Polycystic Ovarian Syndrome

By Womens Health Medical Group
July 15, 2016

For many women, it seems our hormones are often out of balance. Uh, PMS anyone? But the reality is that this isn’t the case. Levels may rise and fall, but they are as they should be. When a woman’s hormones are actually out of balance that can be a real problem. Polycystic ovary syndrome (PCOS) is one issue with hormonal imbalance and it can affect your periods and make it difficult to become pregnant. If left untreated PCOS can also lead to more serious health problems down the road, things such as diabetes and heart disease.

What happens with PCOS?

Hormones are the body’s chemical messengers.

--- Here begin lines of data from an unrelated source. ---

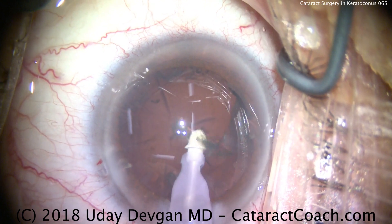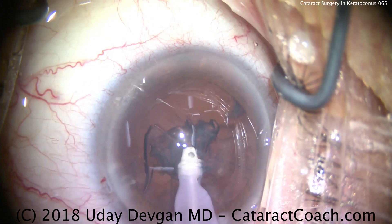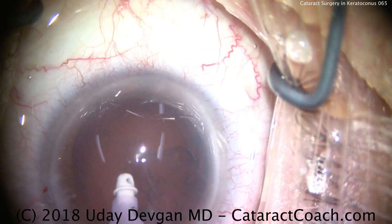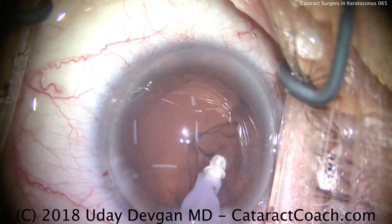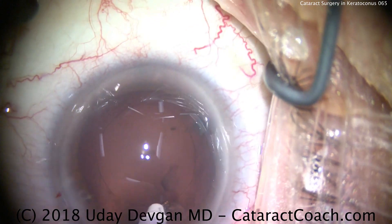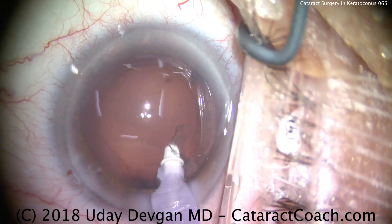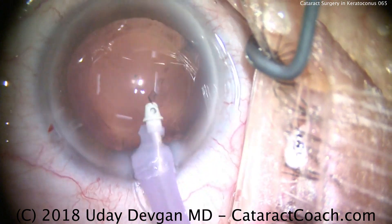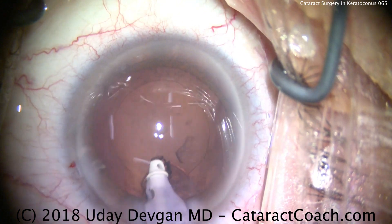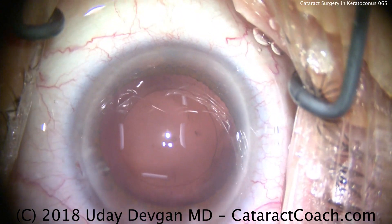For lens choice, I encourage you to use a monofocal lens — and even avoid a toric lens — because the degree of astigmatism is very high in these eyes and it is irregular. If you have a toric lens in the eye and the patient is wearing a standard rigid or hard contact lens outside the eye, that hard contact lens will neutralize the corneal astigmatism to a large degree, and now you've unmasked the lenticular astigmatism induced by the toric IOL. That's why we go non-toric.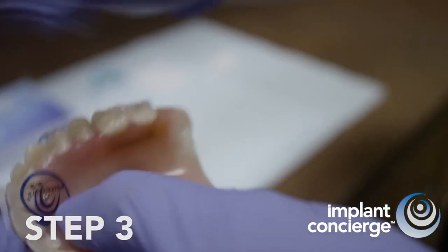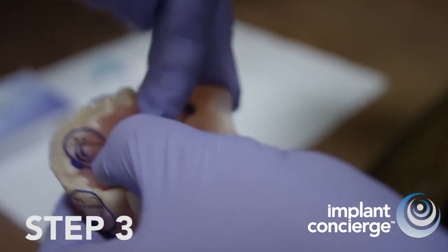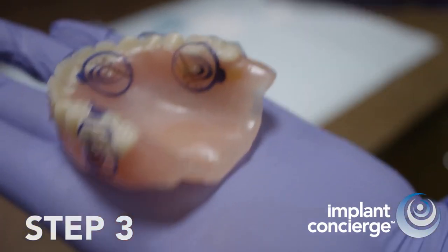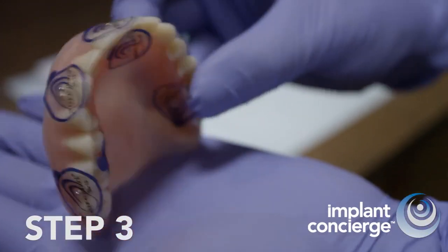Now, peel and stick 3 to 4 x-ray markers on the lingual or palatal surface. It's okay if the sticker protrudes over the edge — trim it or just leave it.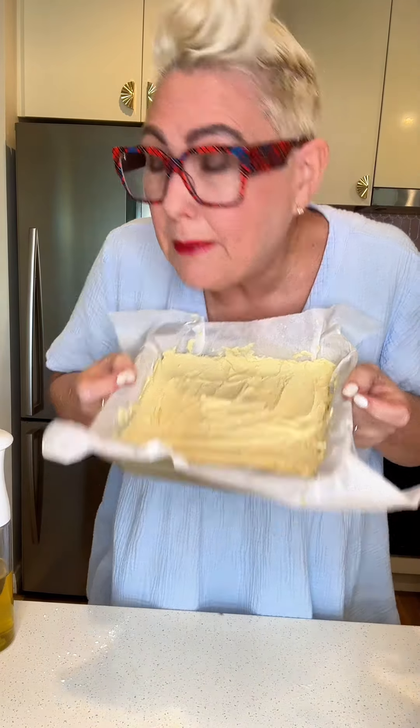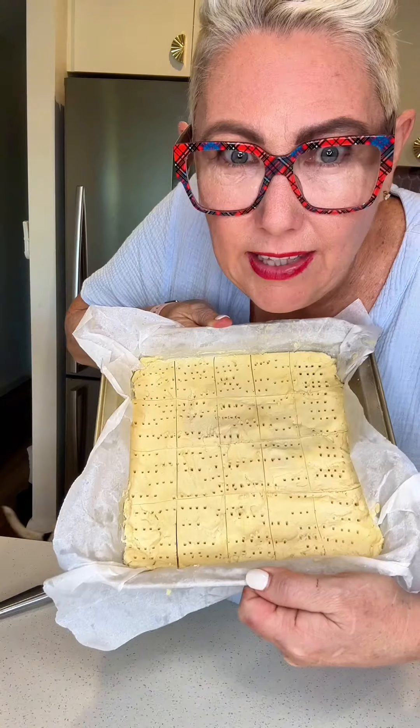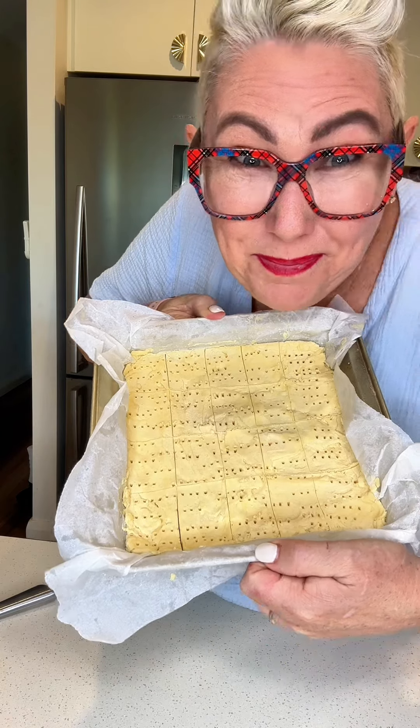Pop it in the freezer for 15 minutes. Cut it into the shapes that you want, then put it in the oven for about 40 minutes at 150 degrees.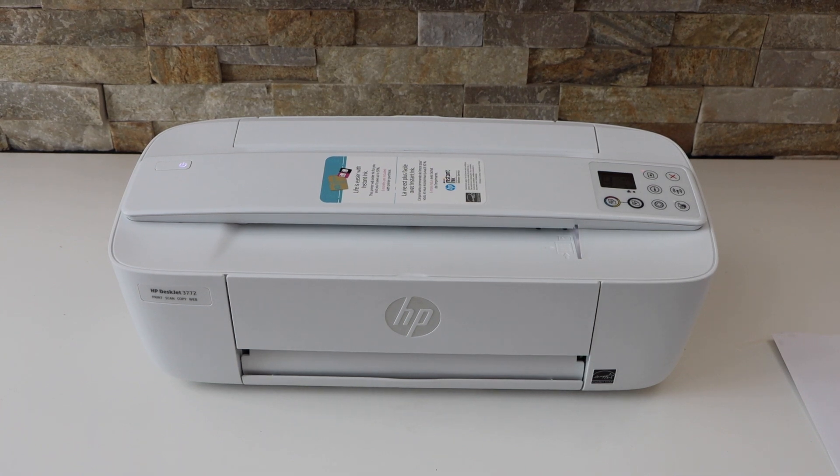In this video, I'm going to show you how to fix your HP DeskJet 3700 series printer not printing.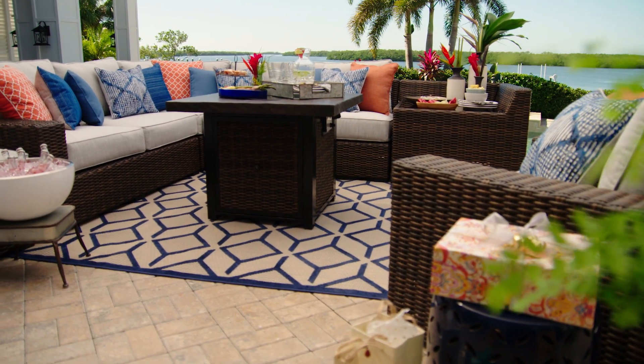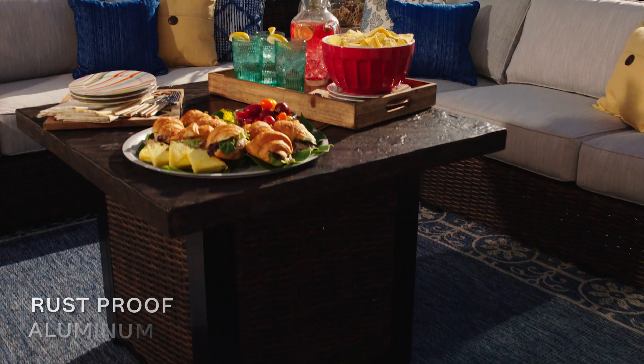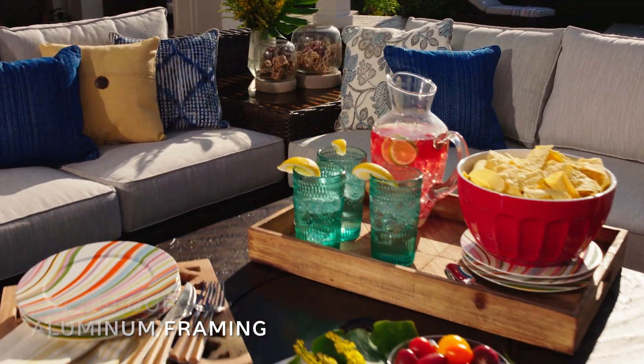Looking for an outdoor collection to get the party started? This set, made with all-weather resin wicker, lends an elegant air, while rust-proof aluminum framing ensures durability.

They trigger lots of important processes, every thing from growth to energy production to moods. Sometimes the job of one hormone is to signal for the release of another hormone.

In PCOS, a woman will grow many small cysts on her ovaries. The cysts are not harmful, but lead to hormonal imbalance. Early diagnosis and treatment with the team at Women’s Health Group can help control symptoms and prevent long-term issues.

The reasons the hormones get out of balance are not understood. One hormone triggers another, leading to a domino effect. PCOS seems to run in families.

Here are two examples of PCOS problems:

  • With PCOS the sex hormones can make more androgens than normal. This causes the woman to stop ovulating, develop acne, and grow extra facial and body hair.
  • The body may have trouble utilizing insulin, another hormone whose job is to regulate blood sugar. When this happens blood sugar levels rise and along with them your chances of getting diabetes.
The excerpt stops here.